Bandara Notohadinegoro
Di Jatim, ada sekitar 5 kabupaten/kota yang diproyeksikan akan memiliki bandara yang melayani penerbangan umum, yaitu Sumenep, Banyuwangi, Jember, Bawean dan Gresik. Berdasarkan hasil evaluasi Direktorat Jenderal (Dirjen) Perhubungan Udara (Perhub), Bandara Notohadinegoro di Jember yang dinilai telah memenuhi syarat minimal untuk dioperasikan sebagai bandara perintis.

Dalam aturan Departemen Perhubungan (Dephub), bandara yang memuat rute perintis berfungsi untuk menghubungkan daerah terpencil, pedalaman, dan sukar dihubungi oleh moda transportasi lain. Meskipun Jember secara riil bukanlah daerah terpencil, pedalaman, dan sukar dihubungi oleh moda transportasi lain, namun dari sisi sarana, kesiapan armada/operator, dan aspek prasarana kesiapan fasilitas bandar udara tampaknya sudah dinilai memenuhi syarat minimal.

Selan itu, tampaknya Dephub juga mempertimbangkan aspek ekonomi dan sosial dari Jember. Jika disimak dari sisi ekonomi, Jember juga memiliki potensi untuk dikembangkan, merangsang pertumbuhan potensi daerah, dan berpeluang untuk menunjang pengembangan pembangunan daerah di wilayah tapal kuda. Dari sisi sosial, Jember juga dapat membuka daerah-daerah di sekitar wilayah tapal kuda dan menghubungkannya dengan ibukota provinsi. Di samping itu, selama ini masih belum ada moda transportasi lain yang mampu menawarkan waktu yang lebih cepat untuk menghubungkan Jember dan sekitarnya dengan ibukota provinsi.

Dengan demikian, dapat dipahami bahwa kehadiran Bandara Notohadinegoro memiliki multiplier ekonomi yang tidak hanya bagi Kabupaten Jember semata, tetapi juga pada kabupaten/kota sekitarnya yang masuk wilayah tapal kuda.
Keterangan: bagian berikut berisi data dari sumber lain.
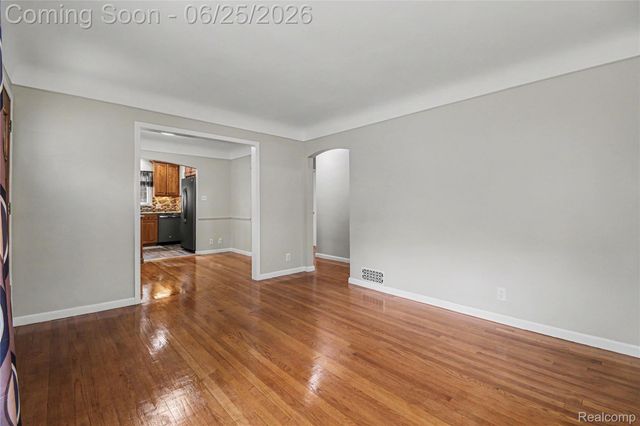 4427 Groveland Avenue, Royal Oak, MI 48073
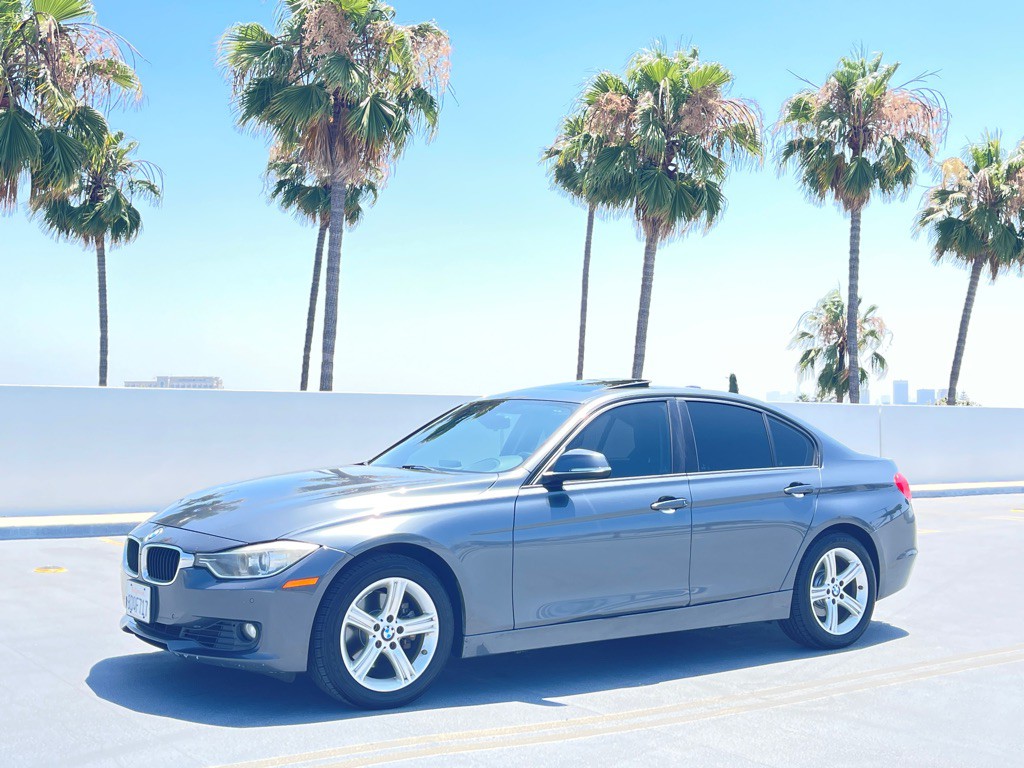 2015 BMW 3 Series Image 13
Hal ini pada gilirannya akan berdampak langsung pada ekonomi Jatim.

Adanya pendapat selama ini yang mengatakan bahwa beban biaya transportasi udara sangat besar, hal tersebut sesungguhnya tidak sepenuhnya tepat. Fakta yang ada menunjukkan pesawat terbang selain mampu memberikan nilai tambah kecepatan, harga yang ada saat ini pun dipandang masih bersaing dan wajar jika dibandingkan dengan jenis transportasi lain.

Langkah ke depan
Tidak diragukan lagi, infrastruktur memegang peranan penting sebagai salah satu roda penggerak pertumbuhan ekonomi dan menjadi fondasi bagi pembangunan ekonomi selanjutnya. Keberadaan infrastruktur yang memadai sangat diperlukan untuk menopang geraknya sektor riil.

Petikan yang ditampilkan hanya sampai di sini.